USWUA representatives also slammed what they characterized as the government’s submission of voluminous, but ultimately insubstantial, evidence to support its national security claims.
Bien, the lead counsel, said many materials submitted by the Justice Department centered on how the Chinese government has used WeChat in China, not on how the app operates in the United States. “As far as we know, the government has produced no evidence that the Chinese government has ever asked Tencent to turn over data about U.S. users,” he said.
Angus Ni, a Seattle-based attorney who represents the USWUA, said the government had engaged in “ex-post-facto justification seeking” as the bulk of the evidence it submitted in support of the WeChat ban was created after Aug. 6 — the day the proclamation was issued. “They had nothing before the Trump order came out. No reasons, no evidence, no substantiation. It was just a whim,” he said.
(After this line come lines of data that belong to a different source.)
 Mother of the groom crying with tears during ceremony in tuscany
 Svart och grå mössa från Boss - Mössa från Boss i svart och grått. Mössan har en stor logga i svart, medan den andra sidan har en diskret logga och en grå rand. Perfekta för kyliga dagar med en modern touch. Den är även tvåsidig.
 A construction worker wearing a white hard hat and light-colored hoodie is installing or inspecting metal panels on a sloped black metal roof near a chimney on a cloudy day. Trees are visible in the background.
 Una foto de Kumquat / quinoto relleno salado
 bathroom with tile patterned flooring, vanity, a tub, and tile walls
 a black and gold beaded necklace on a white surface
Subsequent developments called into question just how extensive — and effective — the ban would even be. In September, a U.S. Commerce Department regulation said the ban would target American companies providing services to “distribute or maintain” WeChat in the U.S. —app stores, for instance — but mentioned no penalties for individual app users.
By that point, many U.S.-based WeChat users had found ways to skirt a blackout of the app, with several telling Caixin they had preemptively downloaded alternative messaging apps or virtual private network software to access WeChat from locations outside the country.
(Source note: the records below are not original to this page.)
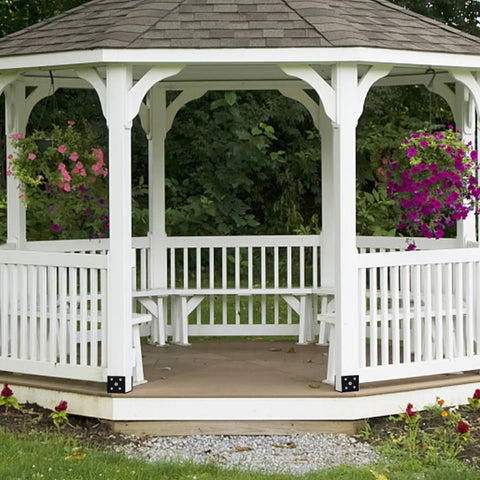 White gazebo with hanging flowers showing Beefy 4 Pack U Shape Post Anchors For Concrete 6x6 Post Base installed on corners.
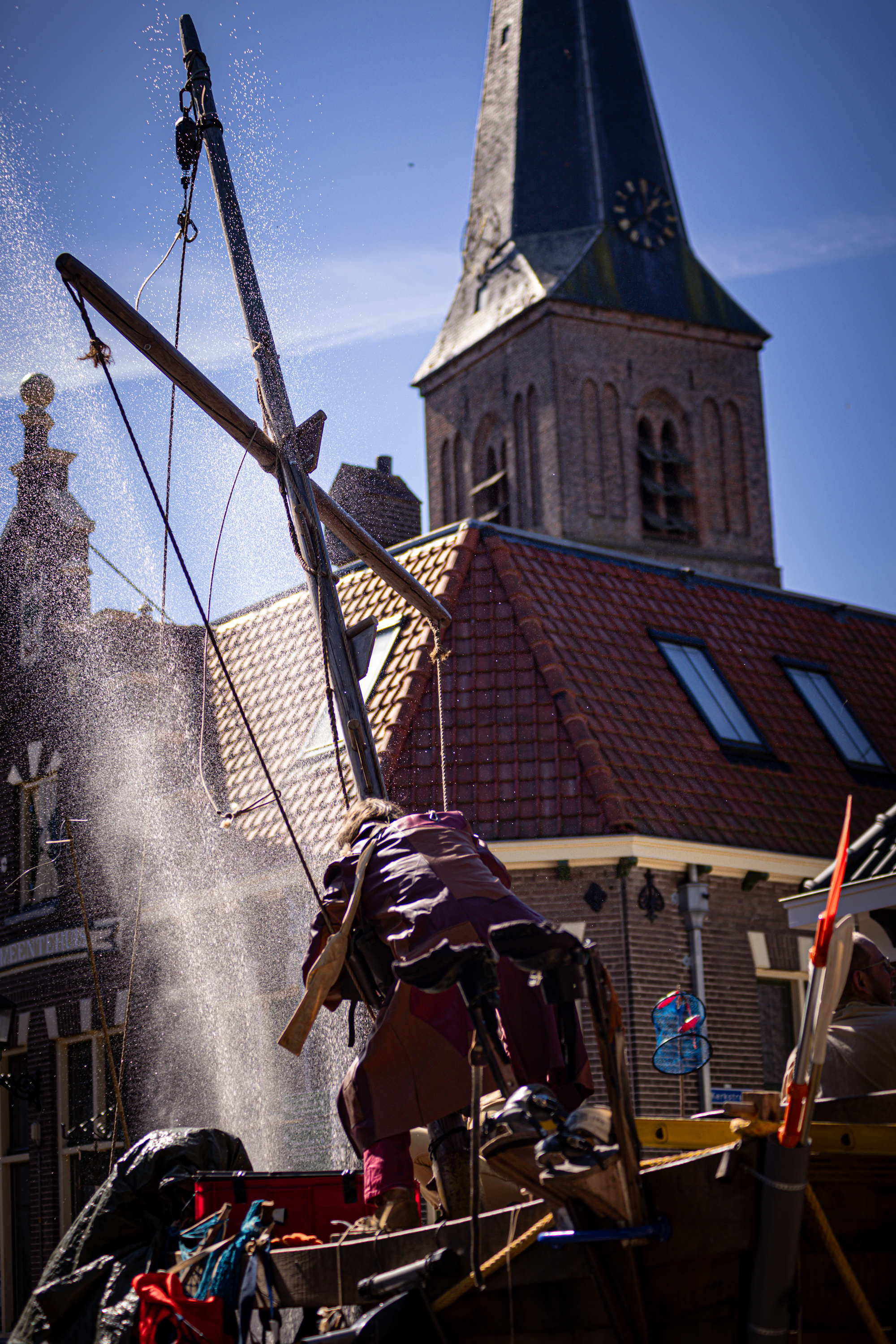 A woman standing near a water pump in the V.IJ.F. Festival, wearing a purple jacket and holding onto a rope.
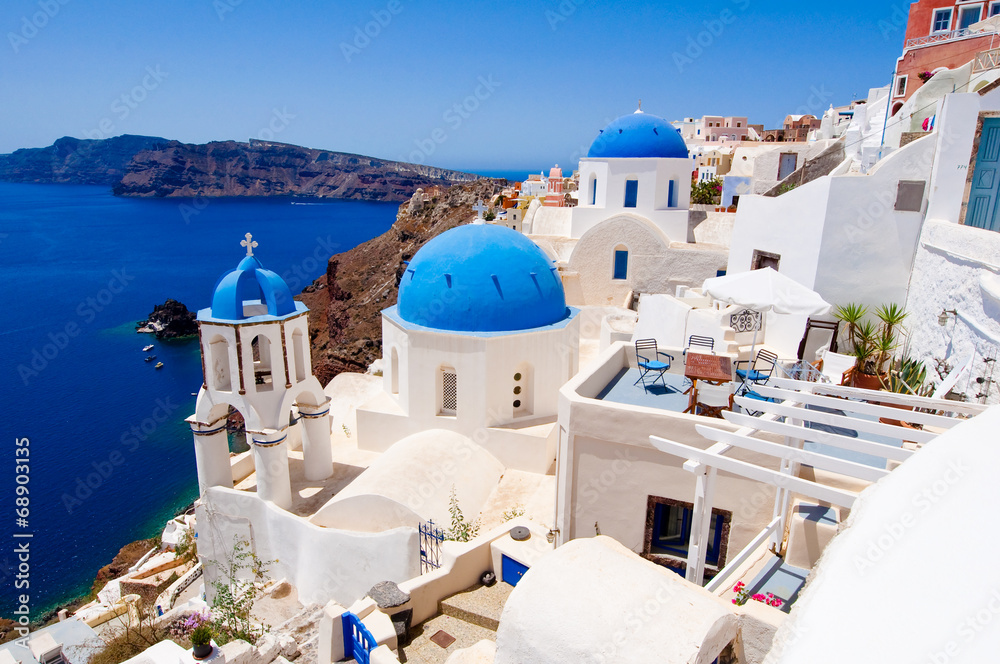 Fototapeta premium Kościół Oia z niebieskimi kopułami na wyspie Santorini, Grecja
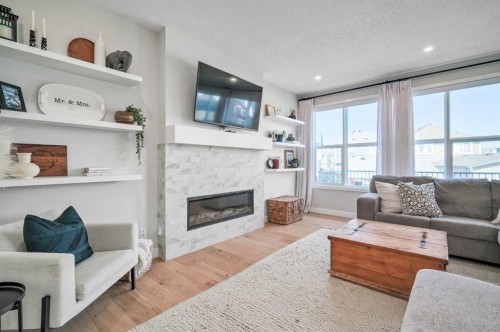 32 Magnolia Heath Se, Calgary, AB - Indoor Photo Showing Living Room With Fireplace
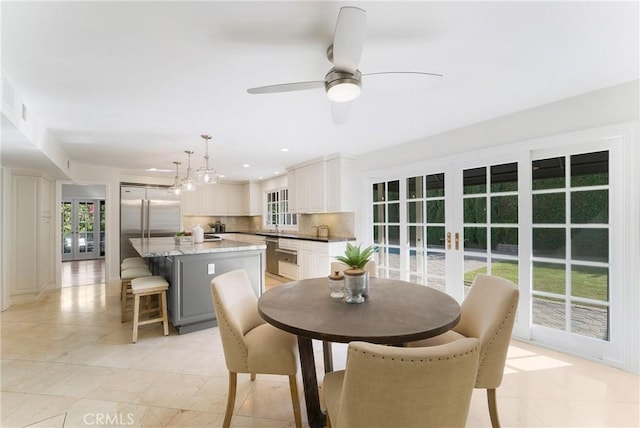 dining room featuring ceiling fan with notable chandelier, recessed lighting, french doors, and light tile patterned floors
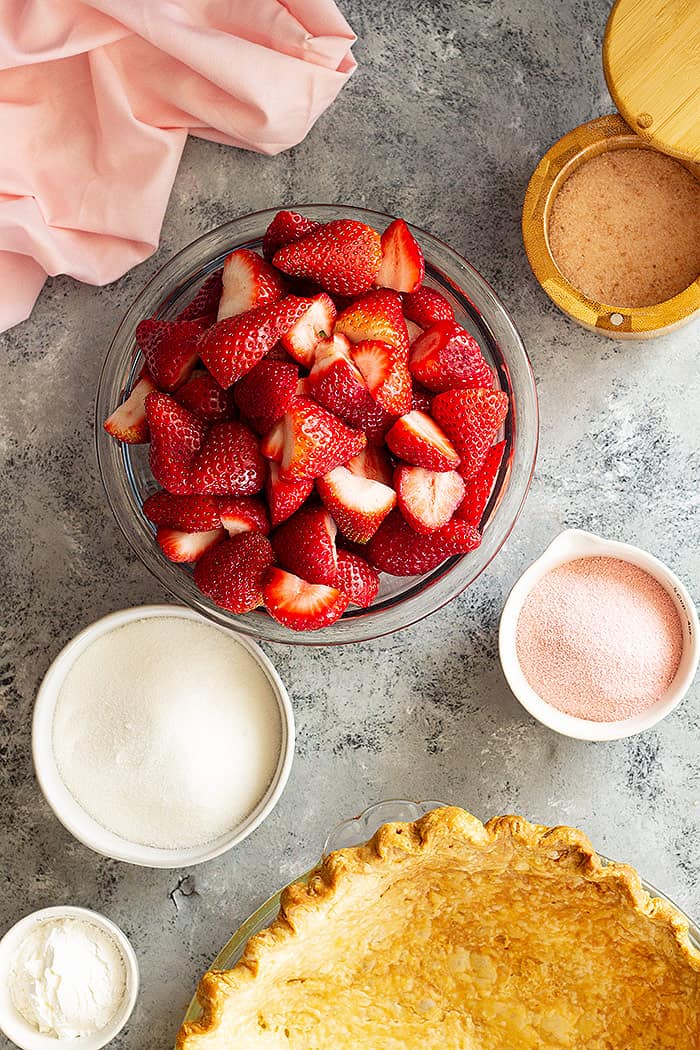 Top down view of prepped ingredients for strawberry pie.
“I think it’s not a big deal for me,” said Ren Yiqiu, a Chinese college student based in the United States. “If the U.S. bans WeChat, I’ll use VPN. If the App Store doesn’t provide a download, I can change my country in the settings to China. That’s how I use the Chinese versions of TikTok and (online game) PUBG.”
Neither the Commerce nor the Justice departments responded to multiple Caixin requests for comment prior to publication.